NEWARK, Calif. (KTVU) -- As the Independence Day holiday winds down, several Bay Area law enforcement agencies have stepped up their efforts to combat illegal fireworks.
The Newark Police Department is one of those agencies, dedicating at least eight officers whose sole mission was to crack down on illegal fireworks, part of a special fireworks suppression unit set up within the department.
"It’s very dangerous," said Newark police Chief Mike Carroll. "There's a lot of kids out. There will be a lot of smoke. Visibility gets bad at night. Slow down."
KTVU was with Newark officers and Alameda County Fire Department inspectors as they were briefed and when they went out on patrol.
"Right now we are just patrolling the street (and) if we hear a loud boom, which you hear every few minutes, we start heading over there to see if we could catch people,” said Newark police Capt. Chomnan Loth.
Newark is one of a few Bay Area cities that allow so-called "safe and sane" fireworks. Some shopping centers allow people to set off fireworks on the centers' property, which puts law enforcement in a unique bind.
"You have the people that hide among the people that are setting off legal fireworks so it's difficult for us to catch because there are a lot of people in the crowd,” Loth said.
"Here we have some illegal dangerous fireworks they are aerial propulsions," said Officer Blair Slavazza. "It's pretty dangerous so we seized them."
Within five minutes of the ride-along, officers confiscated several hundred dollars' worth of aerial fireworks, considered the most dangerous since they can easily set homes on fire.
Newark officers cited a 55-year-old man, who was already on probation. They also found a gram of methamphetamine on him, police said.

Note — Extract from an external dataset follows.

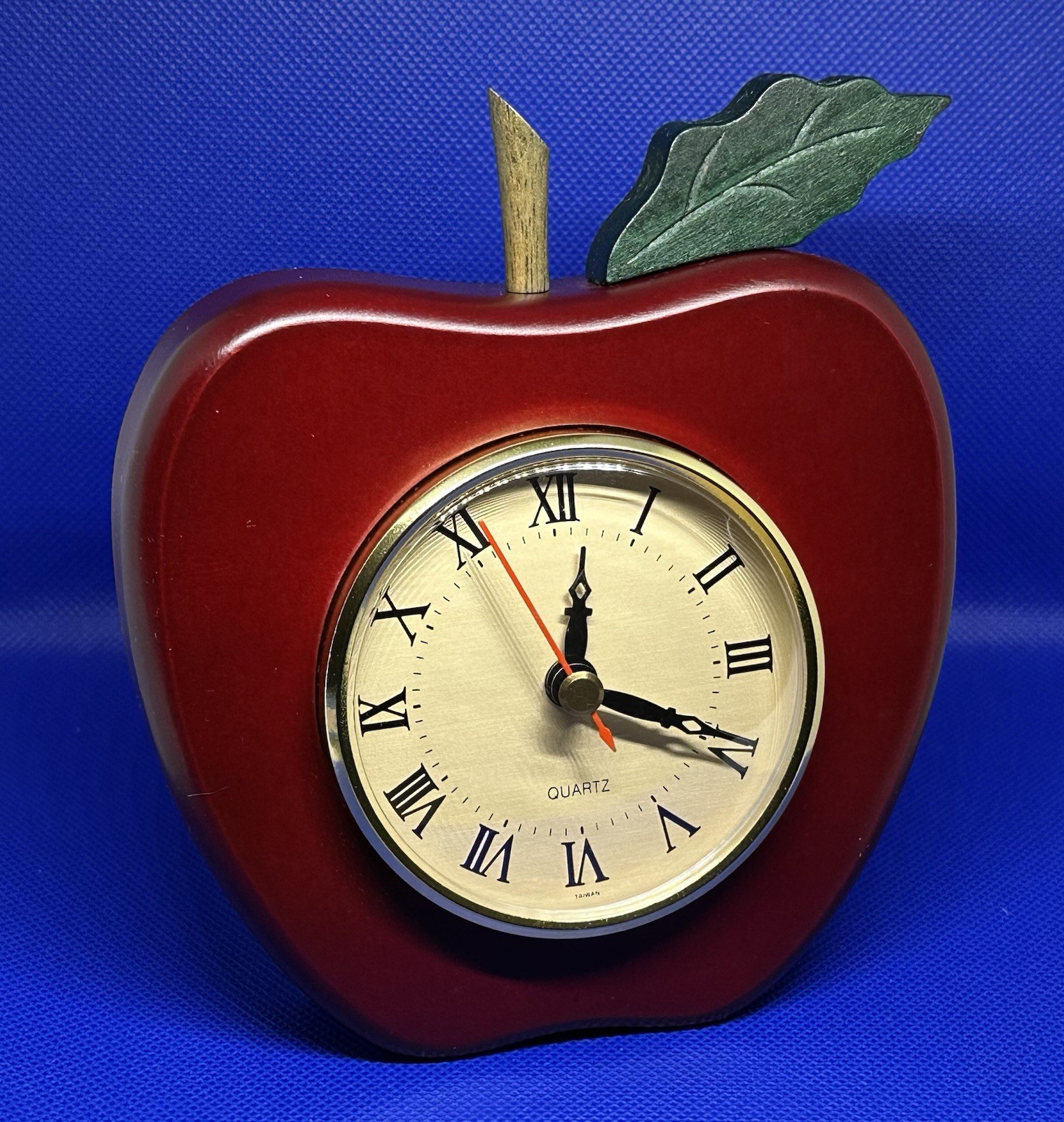 apple wall clock 5”x6” Quartz Tested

"We knew this person was on probation and usually has stuff he’s not supposed to have” said Newark Officer Blair Slavazza said. "We asked him, 'Hey man do you have any illegal fireworks?' He's pretty honest and he said 'yes.'"
In Newark, penalties are steep.
Violators could be cited with a misdemeanor and face a fine of up to $1,000 along with a year in jail. Police said the extra enforcement is necessary, since every year at least one person gets seriously injured.
"If we could prevent someone from getting hurt, just one person or prevent one house from burning down then for us it's worth the effort," Loth said.
The city of Newark has a zero-tolerance policy when it comes to fireworks. Police said they expected to issue several dozen citations Tuesday night while also confiscating a small truckload of illegal fireworks.
By KTVU reporter Azenith Smith.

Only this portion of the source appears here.